→ TASK TO CARRY OUT
The answer must consist solely of the lines below starting at the one containing "So as you can" and ending at the one containing "Okay, time to", repeated exactly, with both ends included and all pictures omitted.

→ SOURCE RECORDS
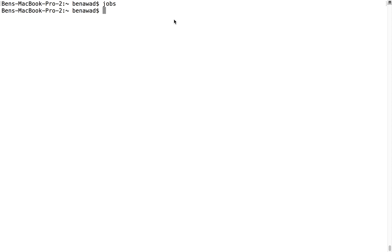So that's how processes work with jobs. You can kill them, foreground them, background them, and let them just run. They're really nice. I hope that helps and you start running stuff in the background because it really does help. Thank you.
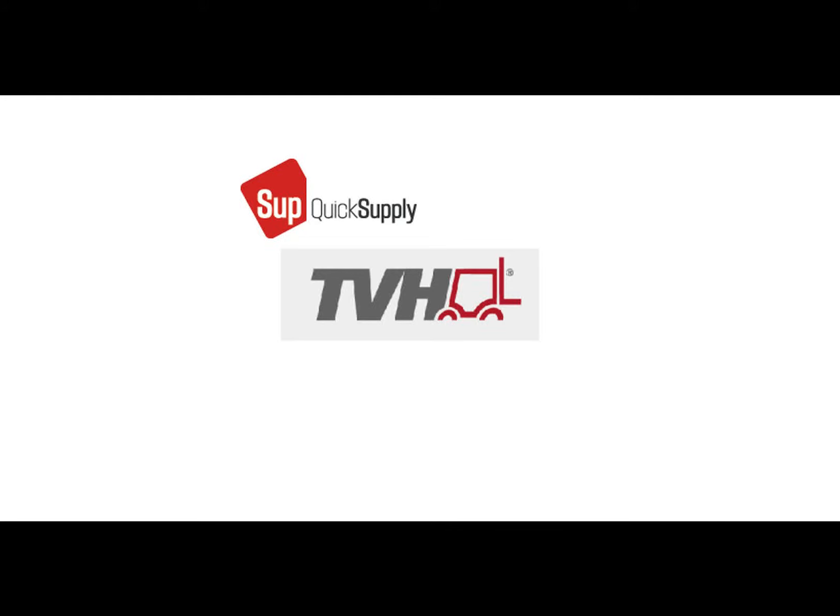With this demo, we will briefly explain the new communication platform of TVH, QuickSupply. The purpose of this site is to communicate online price inquiries to our suppliers. In the near future, it should also be possible to process orders via this website.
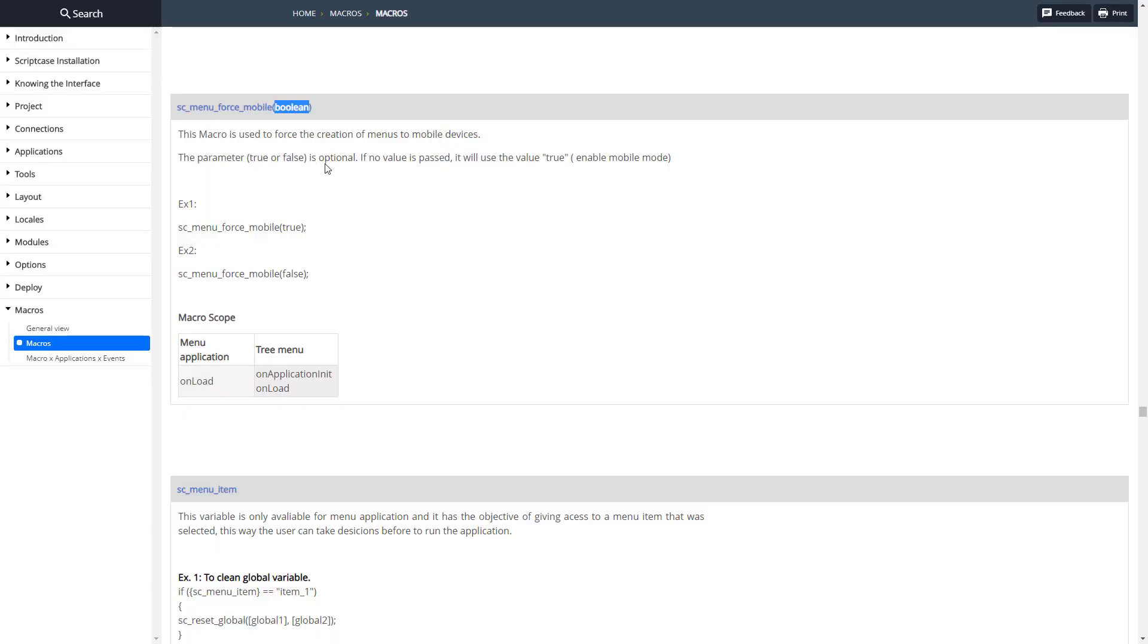We just pass through a boolean, true or false, to determine if it's going to force it to the mobile version. True to force it mobile, false to not force it to mobile.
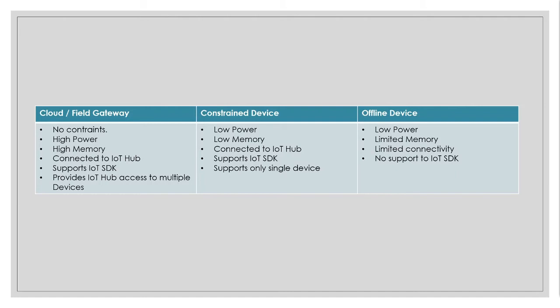So as you can see, field or cloud gateways, they don't have any constraints. They are basically edge devices or they can be servers on which edge software is installed. So they have no constraints. They are higher power, higher memory, high CPU. They can connect to IoT hub. They support the IoT SDK. They provide IoT hub access to multiple devices.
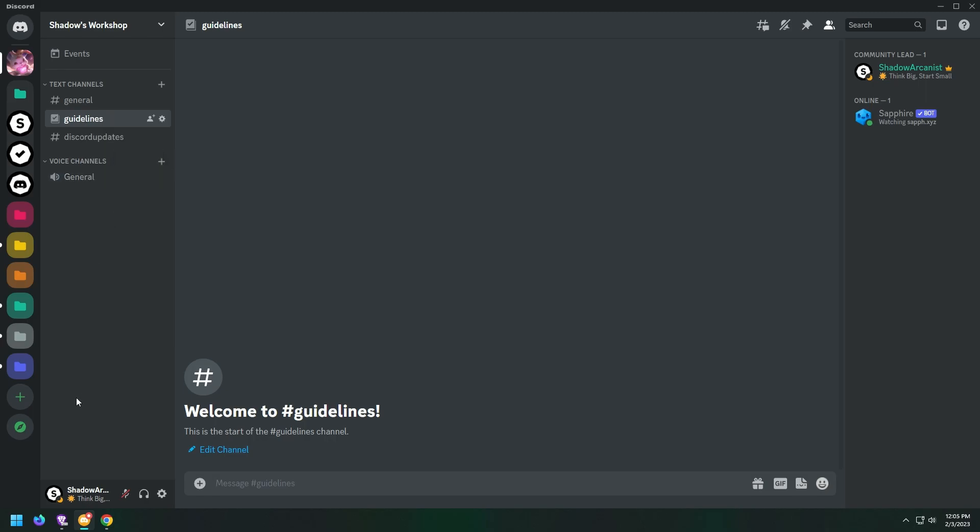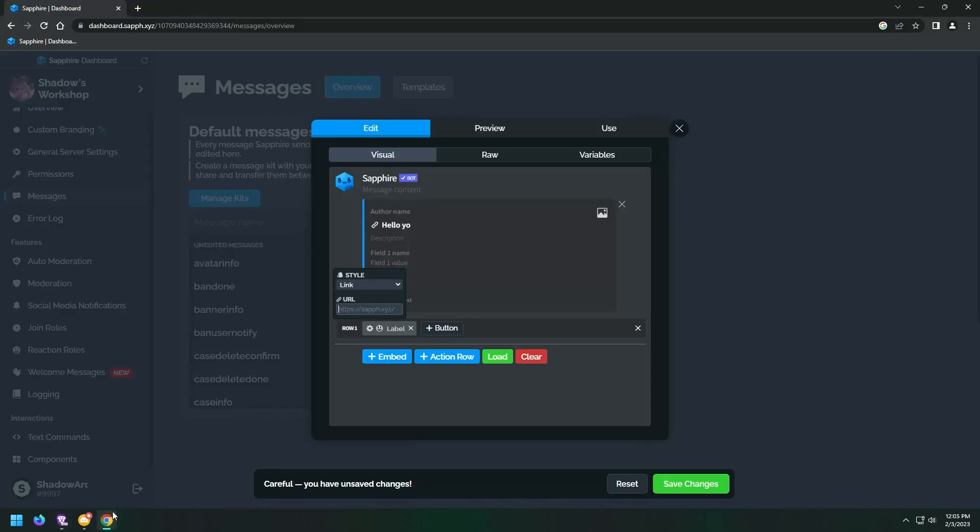Here I will copy the channel link and paste it here, so when the button is clicked it will redirect the user to the channel.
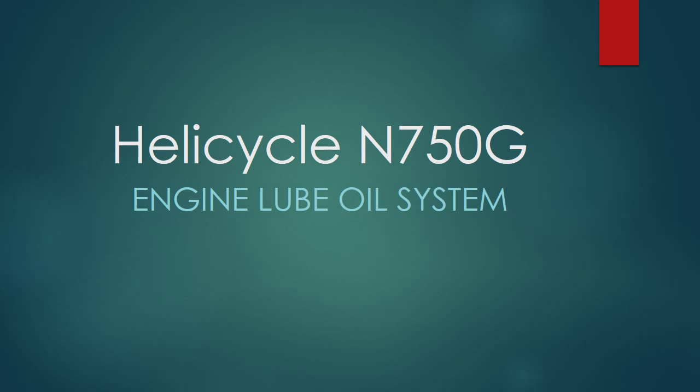In this video I'm going to describe the engine lube oil system in my turbine engine in my Helicycle N750 Golf.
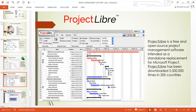The next one is ProjectLibre. ProjectLibre is a free and open-source project management software intended as a standalone replacement for Microsoft Project. ProjectLibre has been downloaded 5.5 million times in 200 countries globally — that shows you how powerful it is.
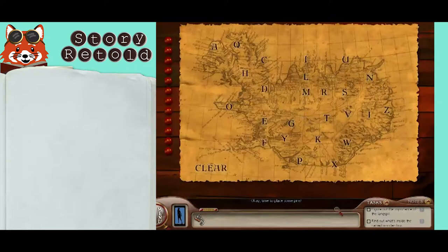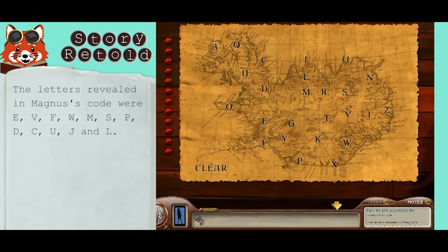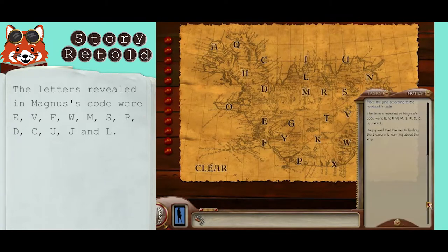Okay, time to place some pins. Magnus's code had a whole bunch of letters. Place the pins on each of these letters on the map.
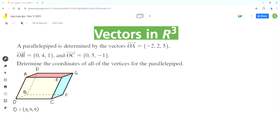Vector OA is a position vector for point A because it starts at the origin and ends at point A. So the coordinates of point A are (-2, 2, 5). Similarly, the coordinates of point B are (0, 4, 1) because OB represents the position vector for point B. And point C is (0, 5, -1).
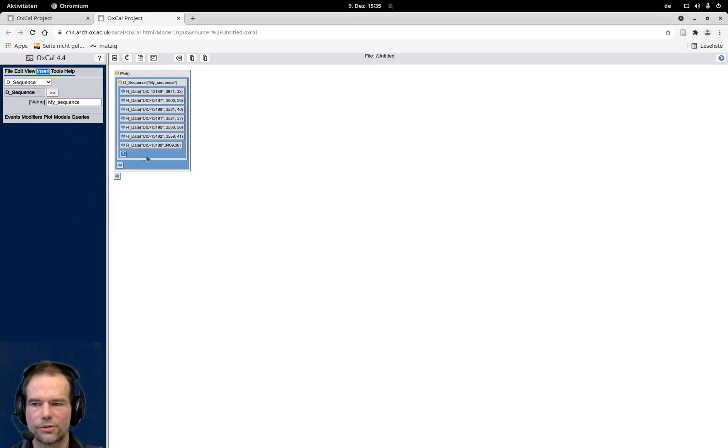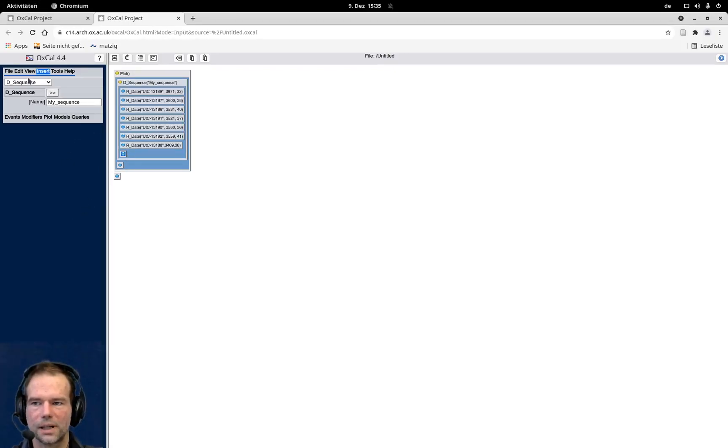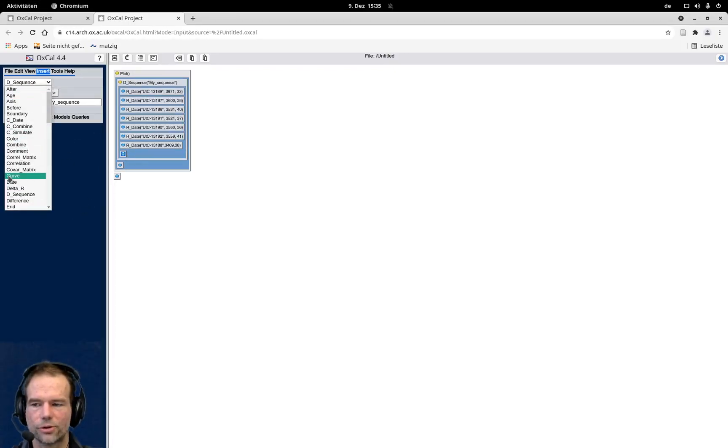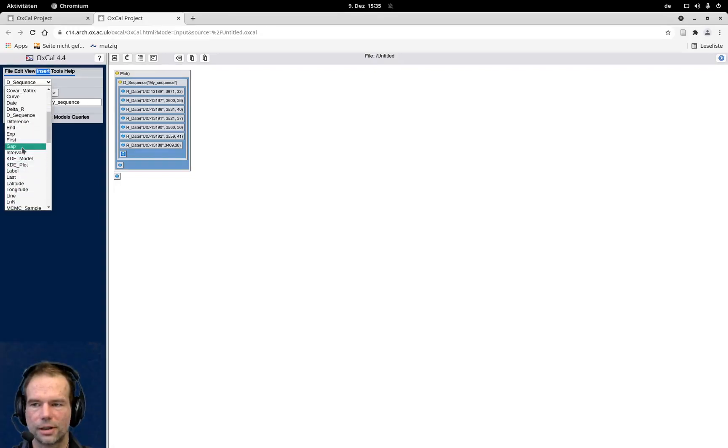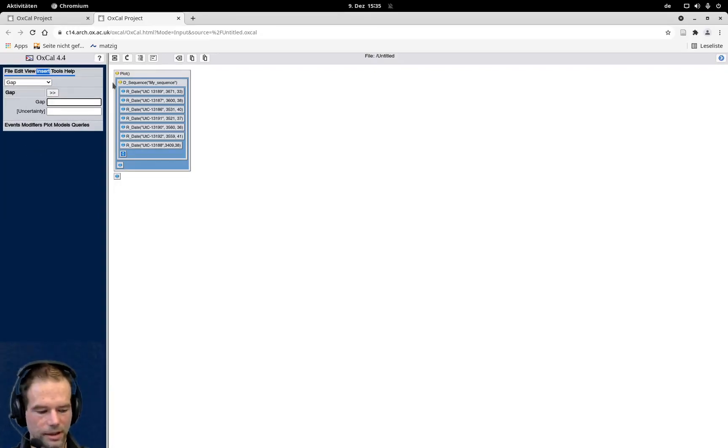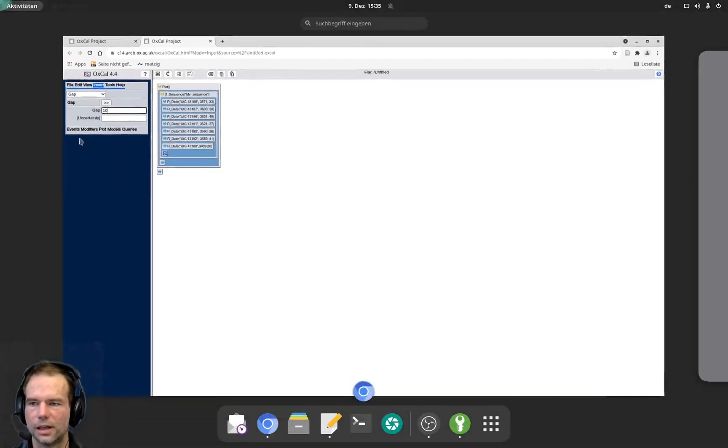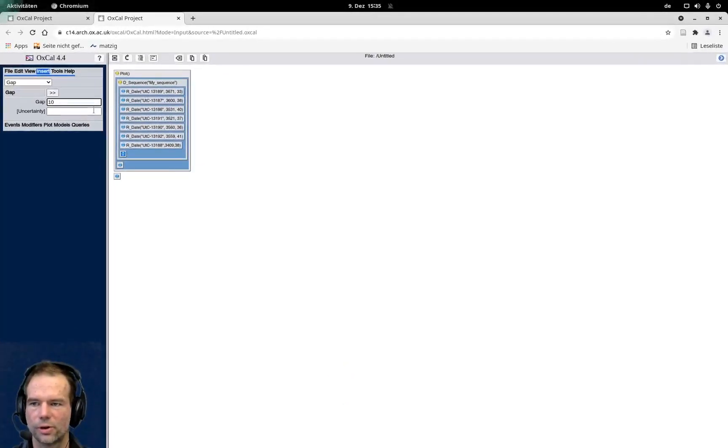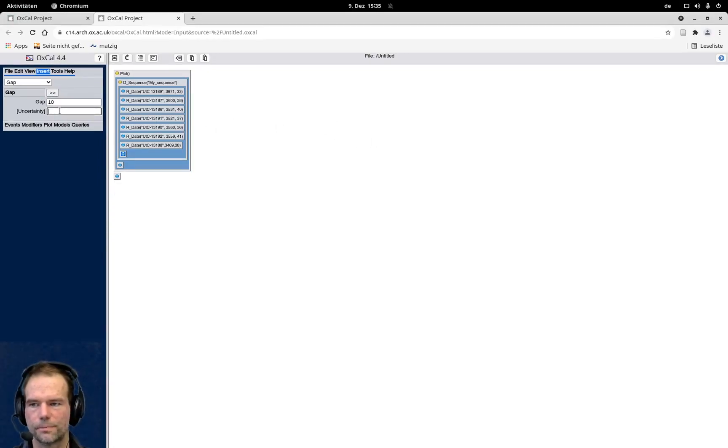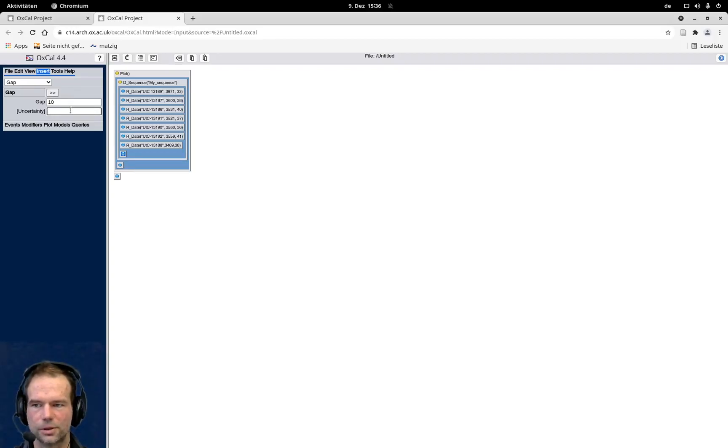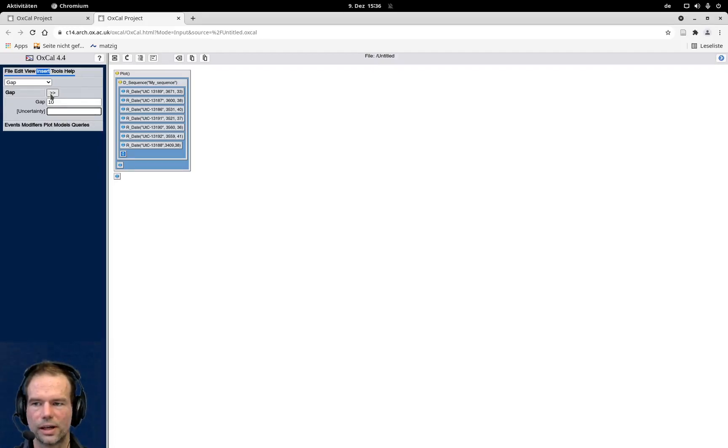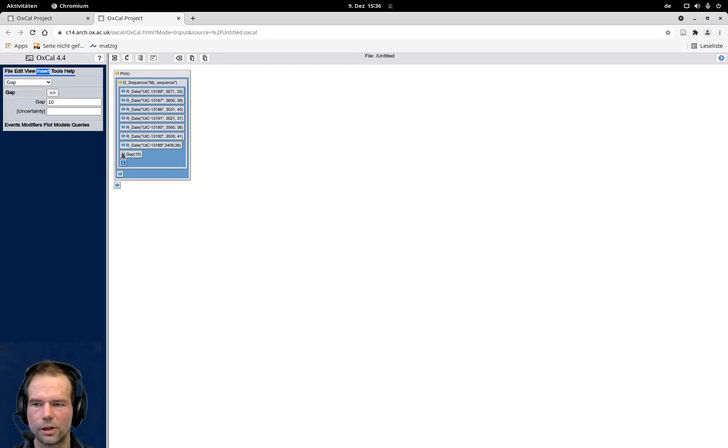To introduce one of these gaps, I can select here from the insert the function gap. Here I have to specify how big the gap is. I go for 10 years. And you can also add an uncertainty for your gap. I'm totally certain because these are tree-ring counts, so I just go for that. But you can also add here a value specifying the uncertainty if you would have some in years.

→ RESULT OF THIS TASK
So as you can see, field or cloud gateways, they don't have any constraints. They are basically edge devices or they can be servers on which edge software is installed. So they have no constraints. They are higher power, higher memory, high CPU. They can connect to IoT hub. They support the IoT SDK. They provide IoT hub access to multiple devices.
Here I will copy the channel link and paste it here, so when the button is clicked it will redirect the user to the channel.
In this video I'm going to describe the engine lube oil system in my turbine engine in my Helicycle N750 Golf.
The next one is ProjectLibre. ProjectLibre is a free and open-source project management software intended as a standalone replacement for Microsoft Project. ProjectLibre has been downloaded 5.5 million times in 200 countries globally — that shows you how powerful it is.
Okay, time to place some pins. Magnus's code had a whole bunch of letters. Place the pins on each of these letters on the map.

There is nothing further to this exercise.